Thursday, May 10th, 2012
By Nancy Allen
Officials explain alum treatment
Ohio Department of Natural Resources Director Jim Zehringer said it was never the state's intention to miscommunicate information about this year's alum treatment on Grand Lake.
Zehringer and other state representatives met with the editorial board of The Daily Standard on Wednesday.
The director said he was upset with the term "miscommunication," which headlined a story in Saturday's paper detailing why the state used the term whole lake when describing the recent alum treatment. Only the center of the lake was treated, just as in 2011.
"We want to make sure they, Mercer County residents, get the truth," Zehringer said of the headline. "We're always going to be honest and open and do what's best for Grand Lake."
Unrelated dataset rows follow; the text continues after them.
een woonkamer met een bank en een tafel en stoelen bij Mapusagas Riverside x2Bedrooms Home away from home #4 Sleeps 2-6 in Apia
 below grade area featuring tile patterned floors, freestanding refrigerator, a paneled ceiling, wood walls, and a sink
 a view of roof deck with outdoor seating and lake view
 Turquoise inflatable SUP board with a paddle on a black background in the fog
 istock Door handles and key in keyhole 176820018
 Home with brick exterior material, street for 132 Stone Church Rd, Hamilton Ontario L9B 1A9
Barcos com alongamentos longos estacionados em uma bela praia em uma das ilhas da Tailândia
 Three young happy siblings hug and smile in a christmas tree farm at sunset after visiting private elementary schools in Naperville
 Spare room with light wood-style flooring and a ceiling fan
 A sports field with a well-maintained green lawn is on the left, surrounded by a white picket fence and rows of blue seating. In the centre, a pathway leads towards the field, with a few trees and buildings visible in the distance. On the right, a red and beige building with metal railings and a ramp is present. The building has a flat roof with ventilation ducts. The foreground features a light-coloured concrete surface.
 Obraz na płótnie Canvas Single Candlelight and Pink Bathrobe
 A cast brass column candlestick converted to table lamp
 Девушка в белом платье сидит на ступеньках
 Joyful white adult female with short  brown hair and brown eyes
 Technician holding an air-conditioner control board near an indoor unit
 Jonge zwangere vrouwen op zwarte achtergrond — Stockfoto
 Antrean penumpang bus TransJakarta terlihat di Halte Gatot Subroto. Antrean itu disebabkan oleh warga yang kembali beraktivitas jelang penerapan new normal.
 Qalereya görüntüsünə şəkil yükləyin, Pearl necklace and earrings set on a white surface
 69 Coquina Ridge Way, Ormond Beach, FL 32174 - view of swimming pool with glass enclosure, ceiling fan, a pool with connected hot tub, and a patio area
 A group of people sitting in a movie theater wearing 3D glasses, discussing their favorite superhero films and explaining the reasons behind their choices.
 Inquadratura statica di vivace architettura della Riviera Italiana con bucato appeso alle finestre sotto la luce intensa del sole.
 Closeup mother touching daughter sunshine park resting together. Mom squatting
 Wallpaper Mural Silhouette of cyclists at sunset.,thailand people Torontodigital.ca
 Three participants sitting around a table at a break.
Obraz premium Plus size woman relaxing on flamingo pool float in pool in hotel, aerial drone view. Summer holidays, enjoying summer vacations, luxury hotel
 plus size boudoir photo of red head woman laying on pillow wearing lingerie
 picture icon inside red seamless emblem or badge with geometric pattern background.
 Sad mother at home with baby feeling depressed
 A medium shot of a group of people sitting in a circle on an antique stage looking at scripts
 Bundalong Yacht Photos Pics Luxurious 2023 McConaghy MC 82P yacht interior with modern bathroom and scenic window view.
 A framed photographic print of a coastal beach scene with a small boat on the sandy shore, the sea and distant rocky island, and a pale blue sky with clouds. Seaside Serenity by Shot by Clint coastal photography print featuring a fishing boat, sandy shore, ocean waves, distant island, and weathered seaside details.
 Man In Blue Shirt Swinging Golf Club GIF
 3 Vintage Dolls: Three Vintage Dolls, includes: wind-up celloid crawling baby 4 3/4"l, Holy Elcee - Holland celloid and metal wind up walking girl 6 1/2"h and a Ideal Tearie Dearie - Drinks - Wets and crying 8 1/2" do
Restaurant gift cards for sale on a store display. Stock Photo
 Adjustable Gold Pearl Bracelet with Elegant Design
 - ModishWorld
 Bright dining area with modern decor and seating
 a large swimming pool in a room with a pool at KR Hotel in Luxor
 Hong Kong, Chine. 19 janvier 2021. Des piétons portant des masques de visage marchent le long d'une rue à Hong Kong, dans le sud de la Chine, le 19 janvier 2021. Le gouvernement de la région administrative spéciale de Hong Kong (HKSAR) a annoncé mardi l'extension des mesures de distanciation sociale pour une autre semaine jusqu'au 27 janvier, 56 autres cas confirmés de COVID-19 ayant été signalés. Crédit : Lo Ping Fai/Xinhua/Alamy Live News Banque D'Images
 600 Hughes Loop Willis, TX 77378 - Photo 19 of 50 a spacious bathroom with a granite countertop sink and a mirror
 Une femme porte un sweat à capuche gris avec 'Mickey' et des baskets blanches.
State officials said Wednesday the term whole lake was used because wave action disperses the alum throughout the lake, giving a "lake-wide effect." The treatment in 2011 was termed "partial."
Glen Cobb, deputy director of recreation and resource management at ODNR, said the state wasn't sure how well the alum would move through the lake prior to receiving results from last year's treatment.
"We found out after that the alum traveled throughout the lake, and with that knowledge, we found we didn't need to apply it to the entire surface," Cobb said. "It does move, so it impacts the entire lake."
Zehringer said the state tries to have "open blinds" communication with local officials, adding that state officials meet regularly with members of the local Lake Restoration Commission.
Carlo LoParo, chief of communications for ODNR, said the project could have been better explained.
"We did a poor job communicating with you folks," LoParo said when pressed by the newspaper on why the state failed to tell the public the treatment area would be the same as last year's.
"We didn't use the word dissipate and we apologize," Zehringer said.